Questions regarding the ability of voters to vote in primary elections were a frequent topic of conversation among candidates and local party officials on Wednesday, the first day of early voting at the Madison County Election Commission.
Madison County Republican Party Chairman Larry Lowrance said he’d talked with Mike Bledsoe, chairman of the Election Commission, multiple times including Wednesday morning about making sure a statute in the Tennessee Codes regarding primary elections is posted visibly to let people know the law regarding crossing party lines to vote in a primary.
TCA Code 2-7-115: “(b) A registered voter is entitled to vote in a primary election for offices for which the voter is qualified to vote at the polling place where the voter is registered if:
“(1) The voter is a bona fide member of and affiliated with the political party
in whose primary the voter seeks to vote; or
“(2) At the time the voter seeks to vote, the voter declares allegiance to the political party in whose primary the voter seeks to vote and states that the voter intends to affiliate with that party.”
According to Lowrance, anyone who’s not a member of the Republican or Democrat party trying to vote in either one is in violation of the law.

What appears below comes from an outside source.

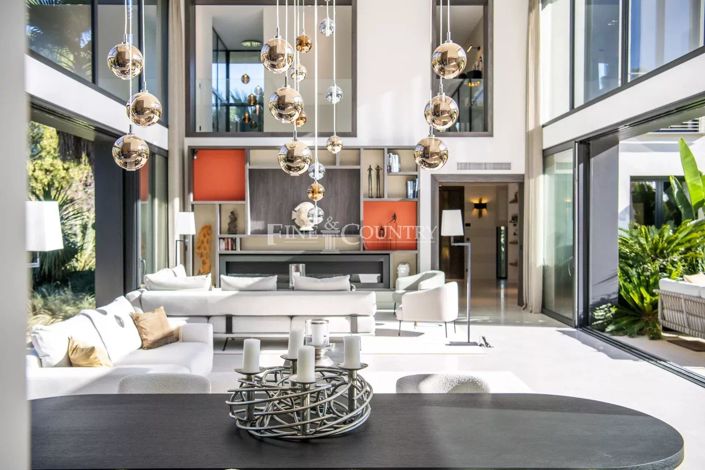 Image No.4-5 Bed House for sale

“For one thing, it’s not right for a Democrat to vote in the Republican primary or for a Republican to vote in the Democrat primary,” Lowrance said. “And if a person chooses to not be a affiliated with either party and be independent, then they forfeit the opportunity to vote in a primary and can vote in the general election.
“Because this primary isn’t electing anyone other than simply nominating the party’s candidate for public office. So the parties should have the ability to do that without interference from anyone outside the party.”
Richard Donnell, who hosts the talk show “Community Feedback” on WFKX-FM 95.7, said he confirmed with a state election official that because Tennessee is an open primary state that voters are allowed to cross party lines or independent voters are allowed to vote.
“I was on my show last week encouraging people to vote in the Republican primary, even if they’re Democrat because all of the Democrats are running unopposed in this election,” Donnell said. “I wouldn’t have done that if someone with the state commission hadn’t told me we could, and we’re an open primary state, so we have that right.”
The e-mail Donnell received came from Kathy Summers, who's an elections specialist with the state election commission.
"In Tennessee, we do not register to vote by party," Summers told Donnell. "If one votes in a primary election, the voter is required to declare party allegiance when they vote on Election Day.
"Under our current law, nothing would prohibit one from voting in one party for a specific primary election, and then voting in the next primary election in the other party’s primary election. When a voter participates in a primary election, the voters choice for that election is noted on their voter history."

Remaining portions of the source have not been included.